Há problemas na norma? Claro que sim. Há algumas fragilidades sobre unificação de bases de dados que serão de difícil e arriscada implementação, mas que se constituem em um movimento inevitável no atual contexto. Se o Brasil não informatizar o seu governo, aí vamos de vez para os porões da História e todo mundo já percebeu isso. Não se trata de uma medida de governo, mas de Estado e é preciso trata-la com a urgência que merece.
Como não haveria de ser diferente, a norma cria balizas gerais para que os governos estaduais e municipais instituam seus serviços públicos digitais também. E como não poderia deixar de ser diferente, a norma estabelece, explicitamente, que o Governo Digital deve respeitar a Lei de Acesso à Informação e a Lei Geral de Proteção de Dados.
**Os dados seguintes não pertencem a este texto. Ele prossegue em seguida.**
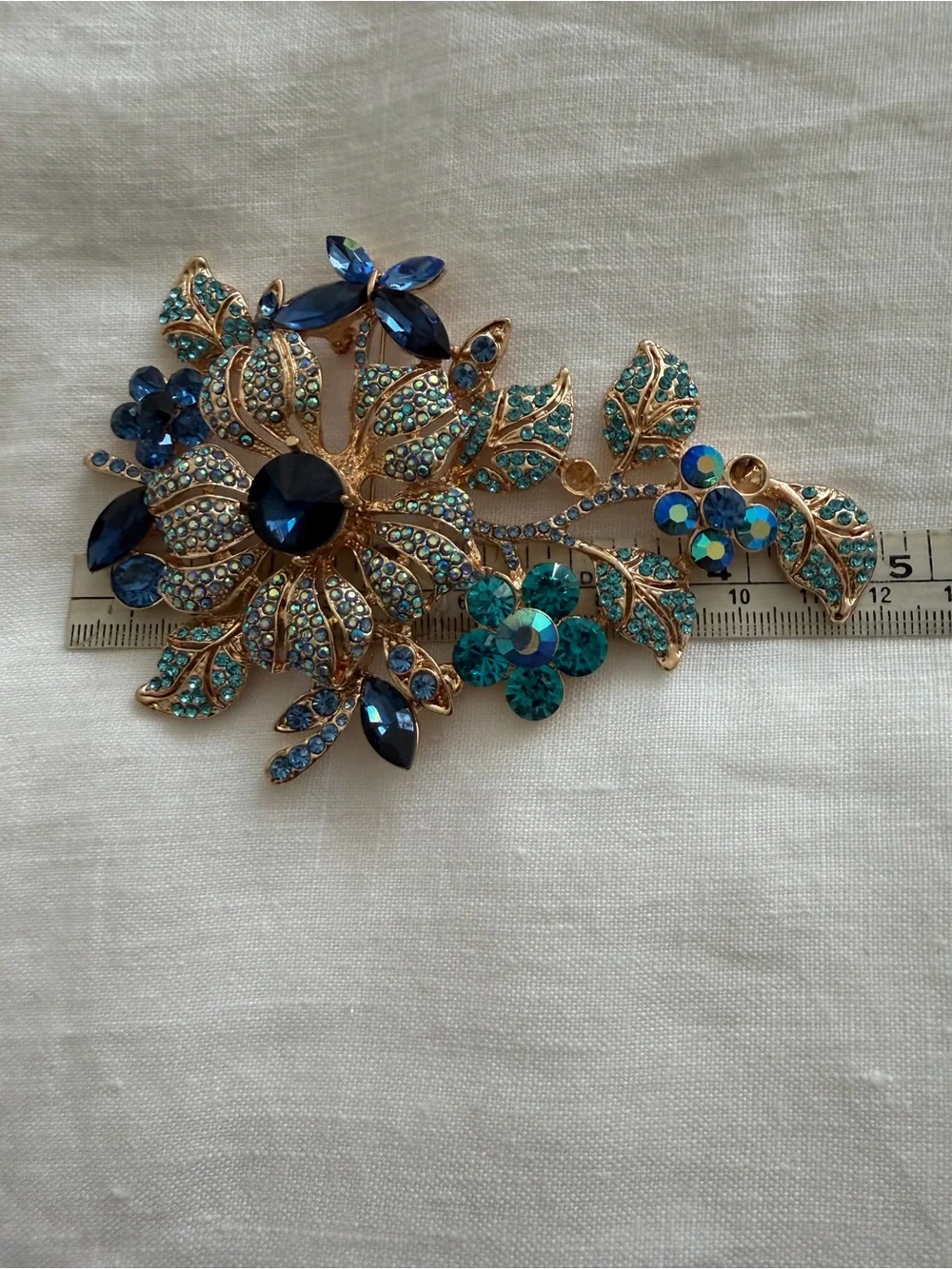 Gold-Tone Floral Crystal Brooch in Blue and Teal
Ou seja, em movimentos diferentes, contextos diferentes e oriundo de demandas sociais (locais e internacionais) diferentes, acabamos por criar um verdadeiro microssistema de governança pública digital, alicerçado em 4 normas que constituem um tripé e serão os instrumentos necessários para que os próximos gestores tentem incluir o Brasil pelo menos próximo dos avançados sistemas de governança que os países dos BRICS já possuem.
Não existe paraíso na terra, outros países em desenvolvimento não são exemplo em tudo, mas podem nos dar boa noção de como estamos atrasados. Os instrumentos estão postos e agora a única coisa é boa vontade política dos agentes envolvidos, criatividade, uma boa quantidade de gente empenhada e litros infinitos de café para colocar tudo isso na prática, impactar positivamente a vida dos cidadãos e tornar a Administração Pública mais eficiente, mais amigável e mais conectada com a realidade.

Hudson O. Cambraia- Advogado especialista em Direito Público, Mestre, Professor Universitário.
É um desafio imenso, não há dúvida; vai gerar muitas discussões, também é óbvio; mas todo mundo só tem a ganhar. Daí porque dedicaremos um bom tempo aqui para tratar deste tema tão relevante para todos. Literalmente, é só o começo.